Uruguay still a hidden gem on world stage
It was easy way back when, Jancis Robinson commented while she was studying for her master of wine, because there so were few wine-producing countries and wine-producing regions. Today, it is almost impossible to keep up.
Even those residents in Portugal's bourgeoning Douro region say they don't always know what's happening, such is the pace of change.
Places such as Italy's northerly Alto Adige and the volcanic island of Sicily are traditional regions but are arriving gloriously and belatedly on the world scene.
Bruno Prats, former owner of Cos d'Estournel, was the first to plant grapes in Chile's Malleco region, which is south even of another 'new' region, Bio Bio, pushing the frontiers of wine production still further.
Les Vins de Vienne were the first to rediscover a part of the Rh?ne known as Seyssuel (Chapoutier and others have subsequently planted there, too), which will probably become France's newest Appellation d'Origine Contr?lee within the next few years.
The British are storming ahead with their sparklings from the south of England, taking advantage of climate change to become a respectable producer, while southern Germany is finding the quality of its pinot noirs (Spatburgunder) soaring for the same reason.
It is probably fair to say that the point where price-quality ratio is at its most favourable is when we buy from up-and-coming, offbeat regions, often selecting their 'unique' grape - malbec from Argentina would be a good example.
But when it comes to its little neighbour, Uruguay, we are talking about a whole country that could still be considered somewhat offbeat.

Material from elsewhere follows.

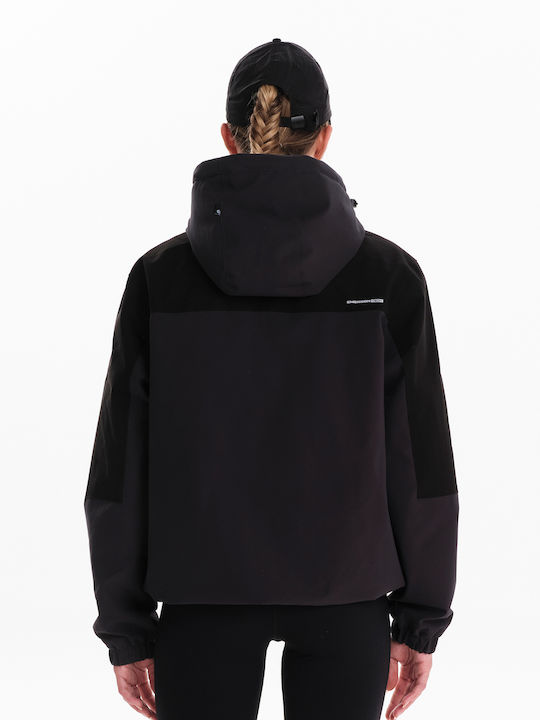 Women's Short Lifestyle Jacket for Winter with Hood Black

Uruguay is the size of England with a population half that of Hong Kong, and has about 9,000 hectares of land under vine.
To understand Uruguay, it is necessary to forget everything we know about Chile and Argentina. One of the wine areas Uruguay is most often compared to is Bordeaux because of the Atlantic-influenced climate.
Remarkably, even in a sophisticated and mature market such as Hong Kong, there is still no one importing what are certainly very high-quality wines, particularly those made with, or grapes blended with, tannat.
In its traditional home of Madiran in France, tannat produces huge, dark, tannic wines. In Uruguay, it has been tamed, making wines with elegant, soft tannins and lush fruit at the blackberry end of the spectrum.
Uruguay's neighbour Brazil is also on the ascendant after a decade of investment in technological innovation and vineyard management.
You must know you're entering the world stage when you can coax Michel Rolland over to consult, as the producer Miolo has done.